На том следствии я не выдержал. «Сначала меня убивают, чтобы я признался или сказал, кто убил?» Магазинник для полной «лояльности» говорил, что в лагере существует еврейская террористическая группа, и я обещал ее раскрыть... А теперь вот меня, наоборот... «Я не знаю, кто убил Лившица!» И я им все рассказал до конца. В том числе и про свой «ход» с К. И это помогло!
Через несколько дней с меня сняли обвинение в убийстве и перевели в БУР (барак усиленного режима — преддверие к лагерной тюрьме).
Безусловно, работники лагерного отдела всесильного МГБ сделали это не от доброты душевной. Они со спокойной совестью отправили на расстрел моего соседа — эстонца, о котором я писал выше. Отправили бы и меня, но просто я попал «в струю», а кроме того, было даже интереснее «прокатить» Магазинника, который неизвестно куда исчез. Шульга остался, но об этом ниже.

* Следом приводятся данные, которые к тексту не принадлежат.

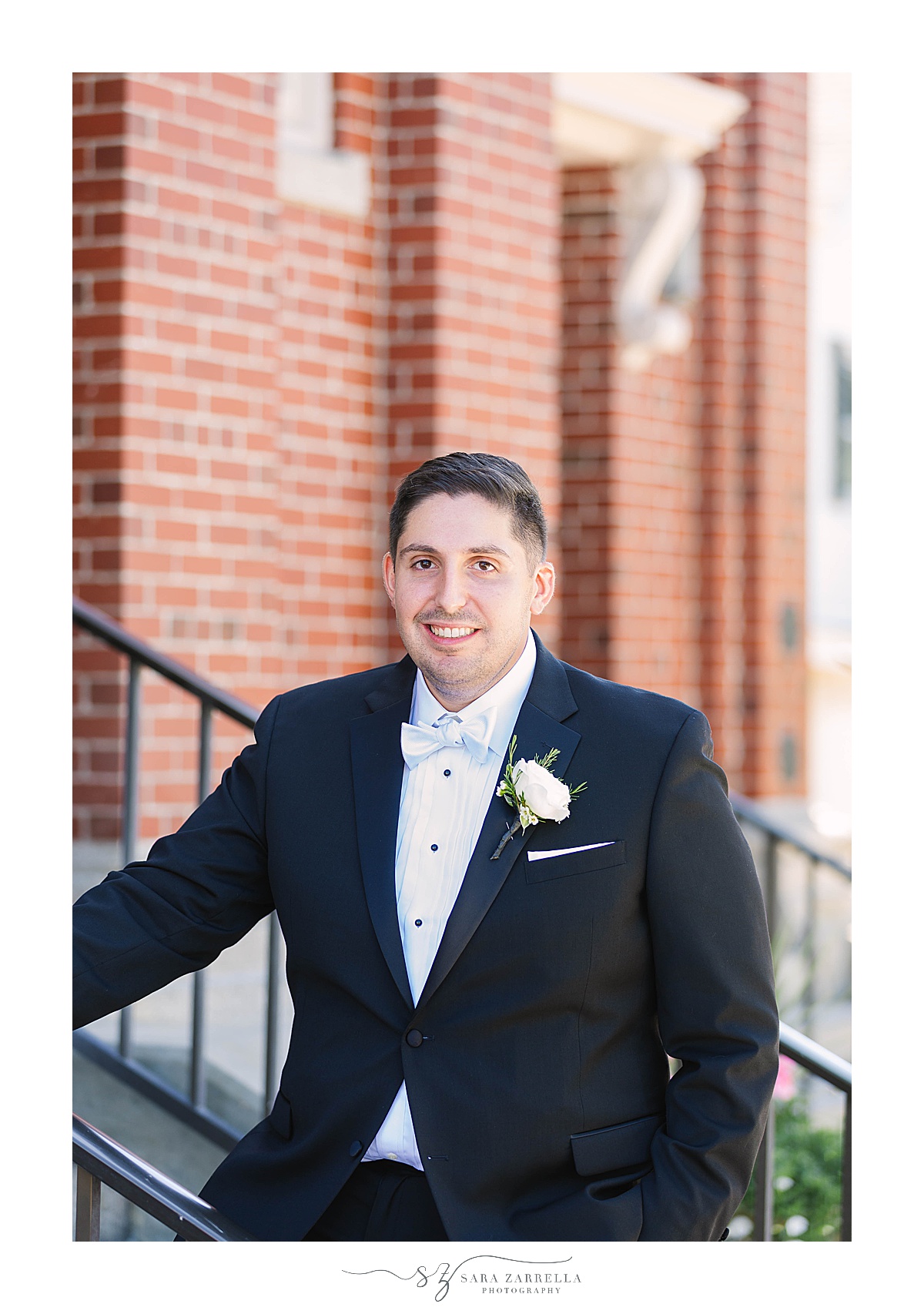 groom in classic tux poses outside church in Rhode Island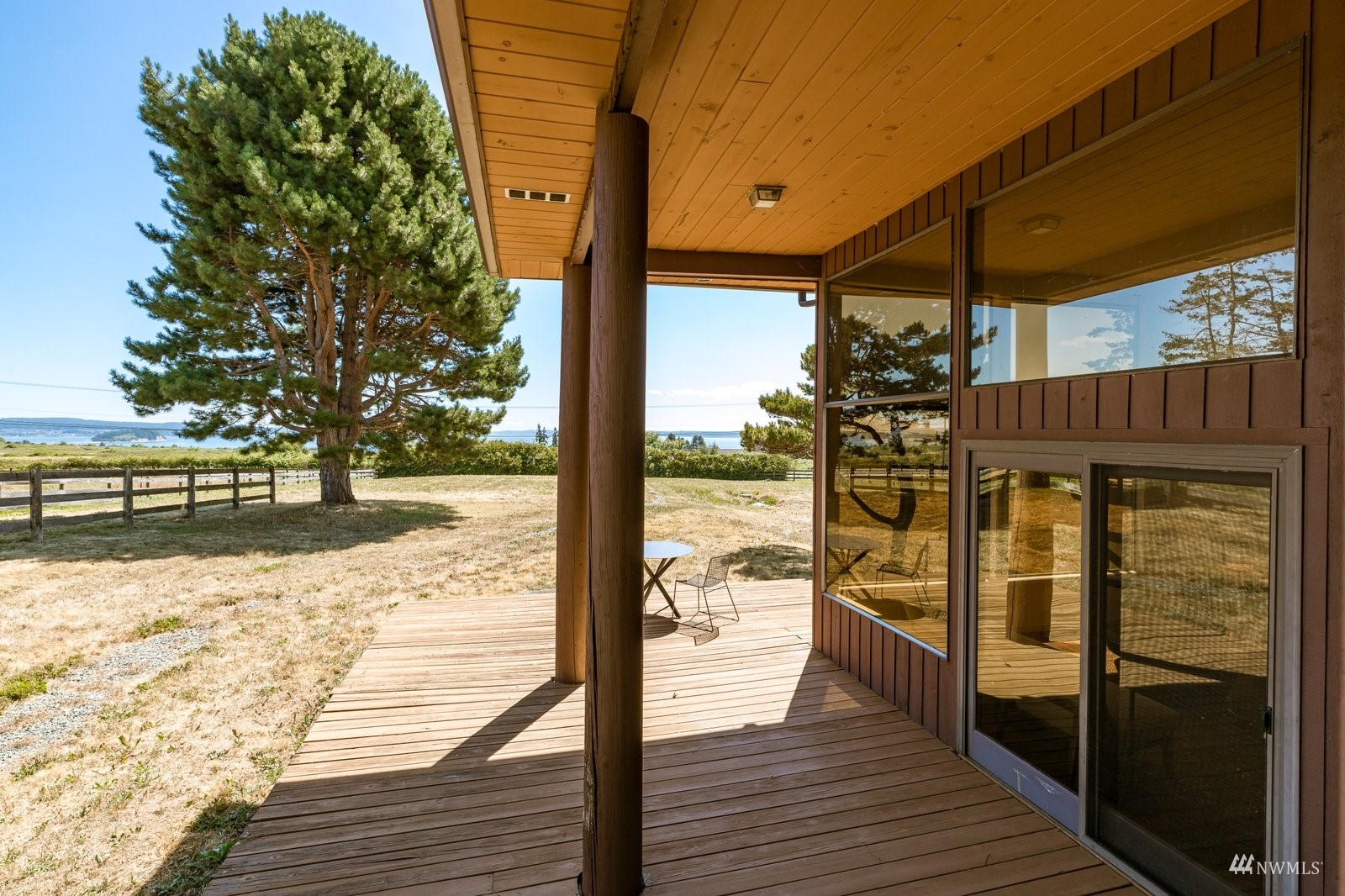 495 East Crescent Harbor Road Oak Harbor, WA 98277 - Photo 32 of 40 a view of outdoor space with wooden floor and city view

Верил ли я в счастливый исход суда, когда сидел в камере? Как-то смутно, и то из-за своей молодости (мне был 21 год) или неистребимого оптимизма (как будто земля крутится без меня?), но и, безусловно, дури... Хотя у меня не было другого выхода, кроме как взять «дело» на себя. Не взял бы — прибили бы в камере, на допросах, а так была надежда. И если бы не мое счастье (в какой-то мере операция с К.), то «шлепнули» бы меня за милую душу! Однако недаром мое имя с латыни переводится, как «счастливый».
БУР — новый барак (не землянка) с большими окнами (зарешеченными) и двухъярусными нарами. То ли от счастья, что я вырвался из ада, то ли действительно это было так, но пребывание в БУРе у меня ассоциируется с ярким солнцем, светившим в окна постоянно.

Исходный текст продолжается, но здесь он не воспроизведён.